§ **Your task**: Set down every record exactly as it appears.

§ **Input data**:
────────

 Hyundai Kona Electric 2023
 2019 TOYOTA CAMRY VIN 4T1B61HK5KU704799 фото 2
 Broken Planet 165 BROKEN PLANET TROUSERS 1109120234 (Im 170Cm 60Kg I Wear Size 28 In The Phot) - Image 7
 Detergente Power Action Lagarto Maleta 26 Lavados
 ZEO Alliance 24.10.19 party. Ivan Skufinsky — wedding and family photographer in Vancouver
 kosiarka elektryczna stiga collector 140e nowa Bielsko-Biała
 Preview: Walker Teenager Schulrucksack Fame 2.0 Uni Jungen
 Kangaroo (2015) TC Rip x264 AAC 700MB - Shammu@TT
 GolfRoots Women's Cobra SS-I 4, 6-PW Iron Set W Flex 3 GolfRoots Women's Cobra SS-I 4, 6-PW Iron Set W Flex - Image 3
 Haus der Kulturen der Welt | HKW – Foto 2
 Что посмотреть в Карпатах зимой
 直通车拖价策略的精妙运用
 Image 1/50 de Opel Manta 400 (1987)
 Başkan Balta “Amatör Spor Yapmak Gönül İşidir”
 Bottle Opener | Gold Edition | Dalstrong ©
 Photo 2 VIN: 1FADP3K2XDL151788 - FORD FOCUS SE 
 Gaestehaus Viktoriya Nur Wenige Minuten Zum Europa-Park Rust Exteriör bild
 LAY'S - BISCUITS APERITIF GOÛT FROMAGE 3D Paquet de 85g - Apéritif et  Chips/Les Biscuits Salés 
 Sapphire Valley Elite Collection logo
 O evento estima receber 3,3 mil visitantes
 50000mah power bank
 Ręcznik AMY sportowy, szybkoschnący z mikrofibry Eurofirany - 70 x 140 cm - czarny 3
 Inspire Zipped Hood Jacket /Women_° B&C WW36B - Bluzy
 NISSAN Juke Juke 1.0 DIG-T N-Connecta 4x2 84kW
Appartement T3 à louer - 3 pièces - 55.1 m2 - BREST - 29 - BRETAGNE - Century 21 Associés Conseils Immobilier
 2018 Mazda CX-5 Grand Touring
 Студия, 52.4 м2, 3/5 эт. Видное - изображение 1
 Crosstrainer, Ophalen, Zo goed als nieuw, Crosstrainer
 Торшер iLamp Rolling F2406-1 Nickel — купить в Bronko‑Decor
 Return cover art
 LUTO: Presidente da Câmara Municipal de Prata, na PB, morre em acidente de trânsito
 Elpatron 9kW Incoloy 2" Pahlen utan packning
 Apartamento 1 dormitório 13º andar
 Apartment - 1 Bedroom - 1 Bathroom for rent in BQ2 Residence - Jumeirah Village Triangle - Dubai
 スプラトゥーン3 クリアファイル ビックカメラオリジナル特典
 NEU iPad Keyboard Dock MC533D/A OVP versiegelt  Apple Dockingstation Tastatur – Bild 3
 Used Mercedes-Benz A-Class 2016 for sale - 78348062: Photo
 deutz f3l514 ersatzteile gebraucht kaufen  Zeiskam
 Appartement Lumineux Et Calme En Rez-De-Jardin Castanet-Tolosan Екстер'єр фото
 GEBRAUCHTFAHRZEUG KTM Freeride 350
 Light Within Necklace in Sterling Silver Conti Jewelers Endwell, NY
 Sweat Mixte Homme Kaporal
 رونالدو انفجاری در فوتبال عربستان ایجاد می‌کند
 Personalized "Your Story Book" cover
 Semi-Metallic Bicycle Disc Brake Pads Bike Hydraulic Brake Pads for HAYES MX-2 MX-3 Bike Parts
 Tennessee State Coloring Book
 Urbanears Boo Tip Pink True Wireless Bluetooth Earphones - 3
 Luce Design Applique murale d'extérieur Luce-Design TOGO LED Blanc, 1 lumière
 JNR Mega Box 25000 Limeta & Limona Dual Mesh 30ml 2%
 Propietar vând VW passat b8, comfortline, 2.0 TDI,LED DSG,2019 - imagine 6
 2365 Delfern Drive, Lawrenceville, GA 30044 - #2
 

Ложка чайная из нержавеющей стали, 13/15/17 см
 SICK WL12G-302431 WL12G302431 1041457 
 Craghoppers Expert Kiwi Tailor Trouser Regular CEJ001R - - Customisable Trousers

────────

§ **Result**:
 Hyundai Kona Electric 2023
 2019 TOYOTA CAMRY VIN 4T1B61HK5KU704799 фото 2
 Broken Planet 165 BROKEN PLANET TROUSERS 1109120234 (Im 170Cm 60Kg I Wear Size 28 In The Phot) - Image 7
 Detergente Power Action Lagarto Maleta 26 Lavados
 ZEO Alliance 24.10.19 party. Ivan Skufinsky — wedding and family photographer in Vancouver
 kosiarka elektryczna stiga collector 140e nowa Bielsko-Biała
 Preview: Walker Teenager Schulrucksack Fame 2.0 Uni Jungen
 Kangaroo (2015) TC Rip x264 AAC 700MB - Shammu@TT
 GolfRoots Women's Cobra SS-I 4, 6-PW Iron Set W Flex 3 GolfRoots Women's Cobra SS-I 4, 6-PW Iron Set W Flex - Image 3
 Haus der Kulturen der Welt | HKW – Foto 2
 Что посмотреть в Карпатах зимой
 直通车拖价策略的精妙运用
 Image 1/50 de Opel Manta 400 (1987)
 Başkan Balta “Amatör Spor Yapmak Gönül İşidir”
 Bottle Opener | Gold Edition | Dalstrong ©
 Photo 2 VIN: 1FADP3K2XDL151788 - FORD FOCUS SE 
 Gaestehaus Viktoriya Nur Wenige Minuten Zum Europa-Park Rust Exteriör bild
 LAY'S - BISCUITS APERITIF GOÛT FROMAGE 3D Paquet de 85g - Apéritif et  Chips/Les Biscuits Salés 
 Sapphire Valley Elite Collection logo
 O evento estima receber 3,3 mil visitantes
 50000mah power bank
 Ręcznik AMY sportowy, szybkoschnący z mikrofibry Eurofirany - 70 x 140 cm - czarny 3
 Inspire Zipped Hood Jacket /Women_° B&C WW36B - Bluzy
 NISSAN Juke Juke 1.0 DIG-T N-Connecta 4x2 84kW
Appartement T3 à louer - 3 pièces - 55.1 m2 - BREST - 29 - BRETAGNE - Century 21 Associés Conseils Immobilier
 2018 Mazda CX-5 Grand Touring
 Студия, 52.4 м2, 3/5 эт. Видное - изображение 1
 Crosstrainer, Ophalen, Zo goed als nieuw, Crosstrainer
 Торшер iLamp Rolling F2406-1 Nickel — купить в Bronko‑Decor
 Return cover art
 LUTO: Presidente da Câmara Municipal de Prata, na PB, morre em acidente de trânsito
 Elpatron 9kW Incoloy 2" Pahlen utan packning
 Apartamento 1 dormitório 13º andar
 Apartment - 1 Bedroom - 1 Bathroom for rent in BQ2 Residence - Jumeirah Village Triangle - Dubai
 スプラトゥーン3 クリアファイル ビックカメラオリジナル特典
 NEU iPad Keyboard Dock MC533D/A OVP versiegelt  Apple Dockingstation Tastatur – Bild 3
 Used Mercedes-Benz A-Class 2016 for sale - 78348062: Photo
 deutz f3l514 ersatzteile gebraucht kaufen  Zeiskam
 Appartement Lumineux Et Calme En Rez-De-Jardin Castanet-Tolosan Екстер'єр фото
 GEBRAUCHTFAHRZEUG KTM Freeride 350
 Light Within Necklace in Sterling Silver Conti Jewelers Endwell, NY
 Sweat Mixte Homme Kaporal
 رونالدو انفجاری در فوتبال عربستان ایجاد می‌کند
 Personalized "Your Story Book" cover
 Semi-Metallic Bicycle Disc Brake Pads Bike Hydraulic Brake Pads for HAYES MX-2 MX-3 Bike Parts
 Tennessee State Coloring Book
 Urbanears Boo Tip Pink True Wireless Bluetooth Earphones - 3
 Luce Design Applique murale d'extérieur Luce-Design TOGO LED Blanc, 1 lumière
 JNR Mega Box 25000 Limeta & Limona Dual Mesh 30ml 2%
 Propietar vând VW passat b8, comfortline, 2.0 TDI,LED DSG,2019 - imagine 6
 2365 Delfern Drive, Lawrenceville, GA 30044 - #2
 

Ложка чайная из нержавеющей стали, 13/15/17 см
 SICK WL12G-302431 WL12G302431 1041457 
 Craghoppers Expert Kiwi Tailor Trouser Regular CEJ001R - - Customisable Trousers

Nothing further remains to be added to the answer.